Que dit le texte ? La Corse est décrite sous l'angle de « ses intérêts propres liés à son insularité méditerranéenne, à sa communauté historique, linguistique, culturelle, ayant développé un lien singulier à sa terre ». Comment savoir s'il y a un doute sur l'attachement à la France ? Observons que la crise de l'État, dont les services publics sont toujours plus défaillants, conduit certains territoires à se dire qu'ils y arriveraient mieux tout seuls. L'espoir est si fort chez les autonomistes que Corse Matin titrait « fumée blanche place Beauvau ». Le projet devra quand même être voté par les deux chambres du Parlement, puis adopté par le Congrès à la majorité des trois cinquièmes. Les Corses hostiles à cette évolution espèrent que le Sénat jouera son rôle de garde-fou.
Pour Gérald Darmanin, « il n'y a pas de séparation de la Corse avec la République » puisqu'on « n'évoque ni le peuple, ni le statut de résident, ni la co-officialité de la langue » (Actu.fr). Rappelons que l'autonomie n'est pas l'indépendance, comme le note TF1 : « La Polynésie française, (…) [est] dotée de l'autonomie, en vertu de l'article 74 de la Constitution. (…) La collectivité peut agir sur un vaste périmètre : droit à l'emploi, fiscalité, formation professionnelle, commerce extérieur, desserte maritime, droit du travail, sécurité civile ou encore enseignement du second degré. »

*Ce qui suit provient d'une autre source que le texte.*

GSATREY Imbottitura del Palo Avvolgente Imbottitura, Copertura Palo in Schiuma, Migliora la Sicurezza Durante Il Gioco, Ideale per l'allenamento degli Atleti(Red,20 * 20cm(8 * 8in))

La Corse n'aurait-elle pas à y perdre ? L'autonomie en ferait-elle une sorte de DOM-TOM ? L'Île de Beauté – cette montagne dans la mer – a toujours cherché à surmonter son insularité, en se plaçant sous suzeraineté continentale, de Gênes ou de Paris. Aucun État ne lui a jamais reconnu une quelconque indépendance. Le rattachement à la France en novembre 1789 se fit à la demande des députés corses. Et l'homme des Lumières Pascal Paoli (1725-1807) disait qu'il aimait« l'union avec la libre nation française car désormais nous sommes tous à égalité avec les autres citoyens ».
Justement, le risque d'une rupture d'égalité existe-t-il ? Si l'éducation devenait régionale, qui recruterait les enseignants et quelles perspectives s'offriraient aux étudiants ? Qu'adviendrait-il de la santé si la carte vitale venait à disparaître ? Déjà, la Corse ne dispose pas de CHU pour ses 350 000 habitants. L'autonomie serait un prétexte poli et commode qui accroîtrait le sentiment d'abandon.
Un risque de contagion se profile aussi : le président de la région Bretagne Loïg Chesnais-Girard (ex-PS) a déjà demandé à Gérald Darmanin de « reconnaître la diversité des territoires dans un cadre commun ». Selon lui, notre pays « crève de son centralisme ». Dès le 14 mars, Frédéric Bierry, président (LR) de la Collectivité européenne d'Alsace (CEA), indiquait aussi qu'« on doit prendre en compte d'autres territoires qui ont une histoire particulière ». À ce compte-là, certains imaginent déjà que la Seine-Saint-Denis réclamera un jour son autonomie.